De mysterieuze Deugd, strofe 10 van de Daodejing en een commentaar

Daodejing.010

Hij, die het animale aan het spirituele onderwerpt,
kan zijn wil op één ding (d.i. Tao) gericht houden,
zodat hij niet verdeeld is (tussen wereldse dingen).
Hij temt zijn vitale kracht,
tot hij gedwee (en gevoelig) wordt,
en als een pasgeboren kind.

Als hij zijn inwendig gezicht klaar en puur maakt
(vrij van de duisterheden en twijfelingen van het verstand),
zal hij vrij zijn van alle morele gebreken.
Als hij, met liefde voor het volk (als hij een vorst is)  het Rijk regeert,
zal hij Wu Wei kunnen zijn.
Hij zal zijn als de broedende hen,
die in volmaakte rust is,
terwijl de processen van de natuur voortgaan.
Als zijn licht overal doordringt,
zal hij als onwetend kunnen zijn.

Hij brengt de dingen voort en voedt ze.
Hij brengt ze voort zonder ze (als bezit) te hebben.
Hij vermeerdert en vermenigvuldigt  en rekent niet op hun beloning.
Hij regeert hen, en beschouwt zich niet als hun Meester.
Dit is wat men noemt de mysterieuze Deugd.
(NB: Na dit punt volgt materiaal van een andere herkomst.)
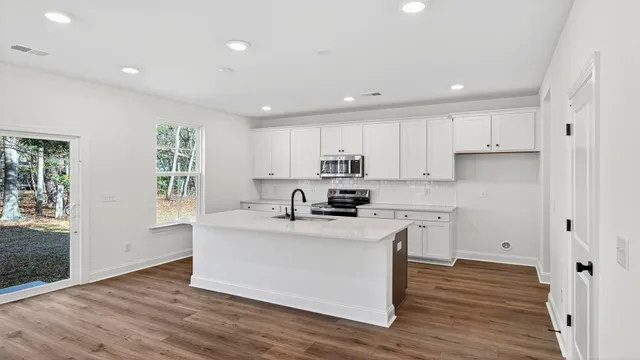 $407,990 | 470 Cadbury Loop, Summerville, SC 29486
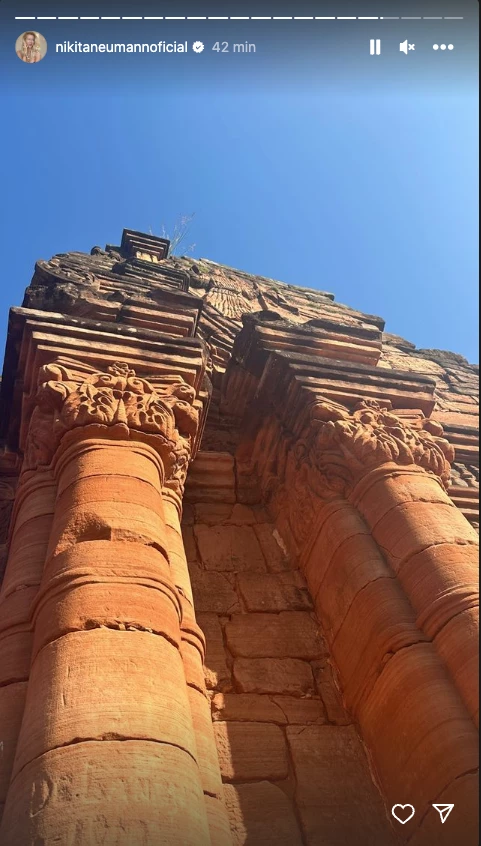 Nicole e hijas en ruinas de san ignacio, misiones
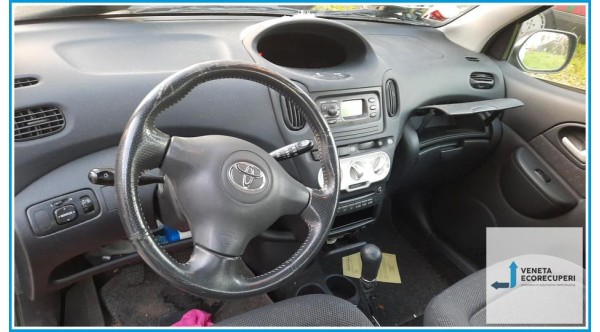 TOYOTA YARIS VERSO  del 2005 parti usate e ricambi - Tipo Motore 2NZFE
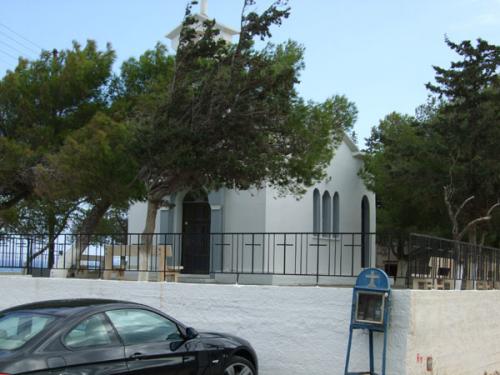 Die Kirche von Agia Pelagia.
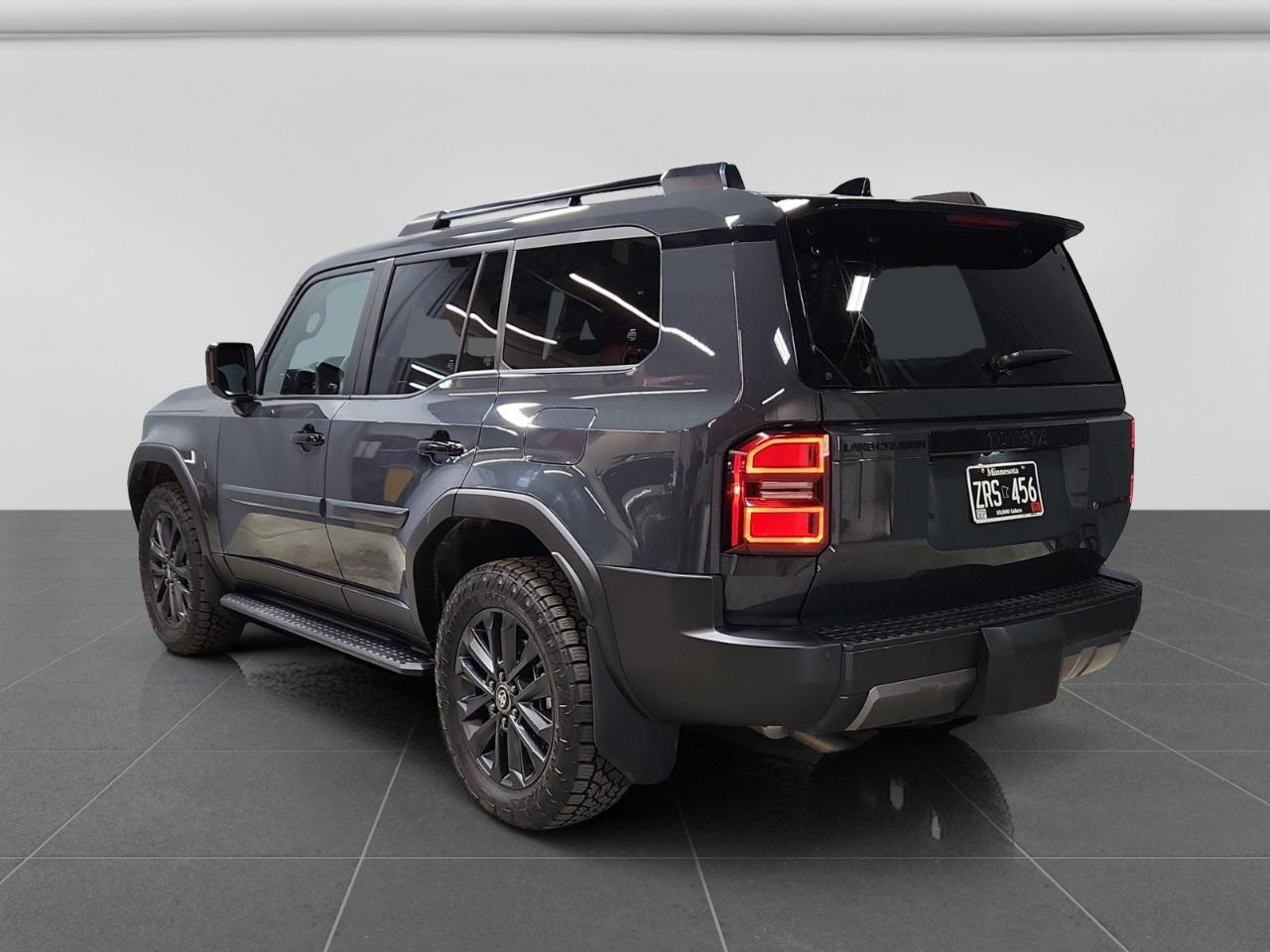 Toyota Land Cruiser Base 2026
Bron: Mysteriën van Tao en de Daodejing

Men kan in onze natuur de ontwikkeling van iedere mens tot in details naspeuren en zijn levensbeschrijving vaststellen. Naarmate hun levensprogramma met succes wordt uitgevoerd, zijn de betrokkenen bekend, beroemd, geëerd. Zij worden historische figuren, die in het leven ten voorbeeld worden gesteld aan allen. Met betrekking tot hen is er geen sprake van mysterieuze deugd, doch van een zeer openlijke, duidelijke deugd.

De ontwikkeling van de transfigurist echter is onnaspeurlijk. Men constateert uitkomsten die merkwaardig duidelijk zijn. Maar er is voor de wereld geen duidelijke levensgang. En dat is de signatuur. Zij zijn onwetend. Hun licht dringt evenwel overal door. Mysterieuze bevrijding,  mysterieuze deugd.

De deugd is er, de eigenschappen ervan zijn er, doch de weg is het grote heerlijke wonder. Geen centimeter van die weg kan worden ´gewild´, ´gemystificeerd´, ´beoefend´ of ´beleerd´. Het pad – Tao – moet beginnen met zelfovergave van het dialectische ik aan het Koninkrijk binnenin u. U staat in het gewone leven en hebt daar uw plaats. Dat middelmatige ik van u, dat door velen zo goed gekend wordt, voert u tot de geest in de vallei, en in volle overgave ontledigt u zich voor de Andere die in u wassen moet.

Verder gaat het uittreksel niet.